Data for processing ::
- Opening Delimiter -

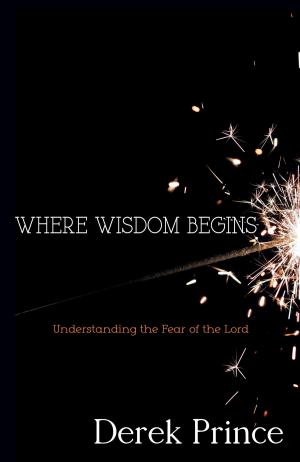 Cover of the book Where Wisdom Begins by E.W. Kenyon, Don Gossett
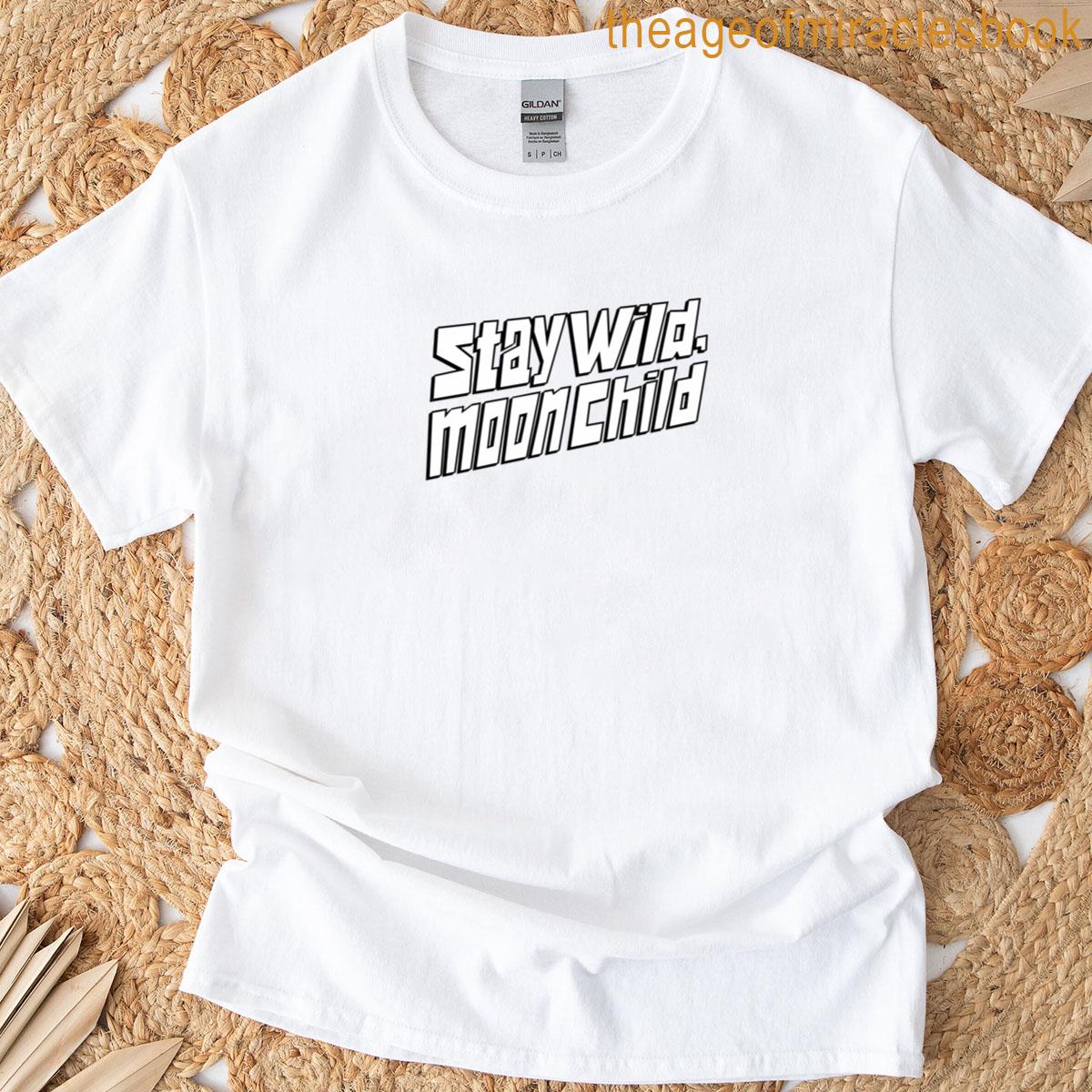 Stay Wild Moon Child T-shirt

- Closing Delimiter -
- Opening Delimiter -

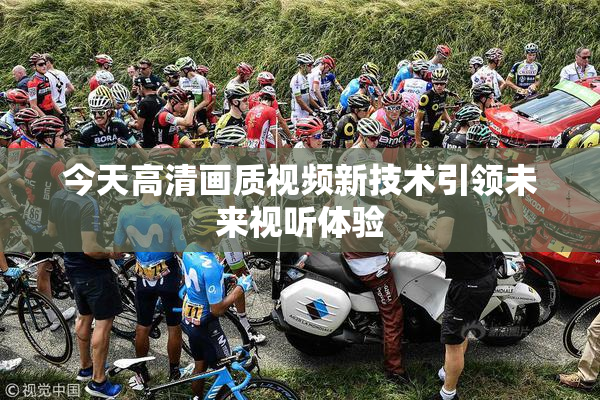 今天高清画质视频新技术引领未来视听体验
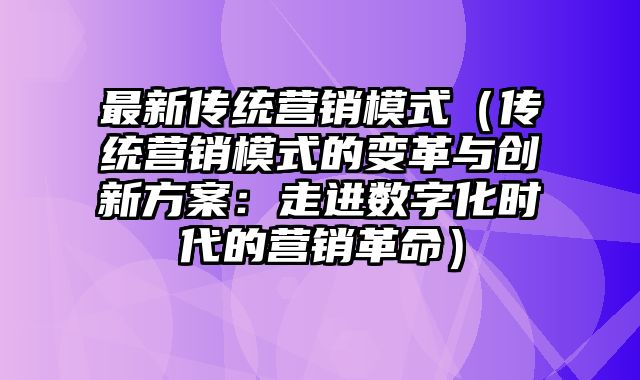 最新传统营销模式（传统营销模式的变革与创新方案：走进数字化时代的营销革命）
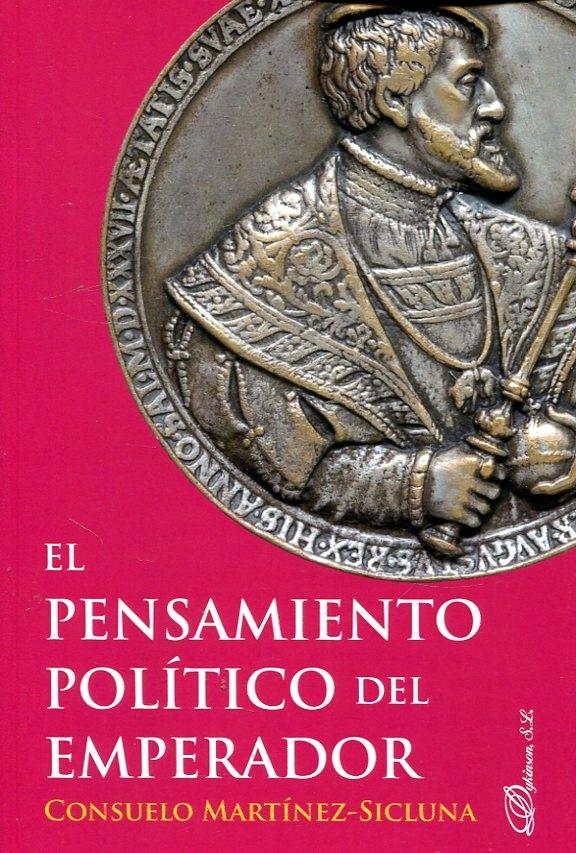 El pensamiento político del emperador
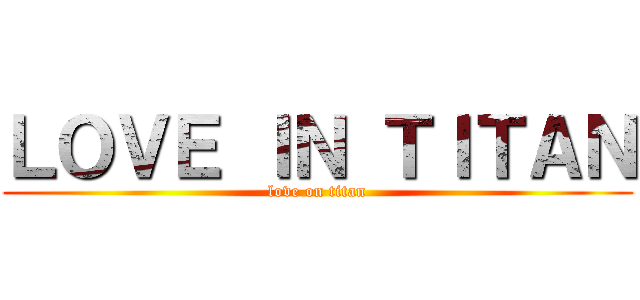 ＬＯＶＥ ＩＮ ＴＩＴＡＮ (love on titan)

- Closing Delimiter -
- Opening Delimiter -

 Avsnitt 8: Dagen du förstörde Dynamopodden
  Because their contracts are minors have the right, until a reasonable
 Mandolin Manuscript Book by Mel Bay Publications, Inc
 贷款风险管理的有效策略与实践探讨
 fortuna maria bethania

- Closing Delimiter -

Exercise instructions :: Look back at the entries above. Retype the line with "Avsnitt 8: Dagen du förstörde Dynamopodden", the line with "fortuna maria bethania", and all lines in between.

Written reply ::
 Avsnitt 8: Dagen du förstörde Dynamopodden
  Because their contracts are minors have the right, until a reasonable
 Mandolin Manuscript Book by Mel Bay Publications, Inc
 贷款风险管理的有效策略与实践探讨
 fortuna maria bethania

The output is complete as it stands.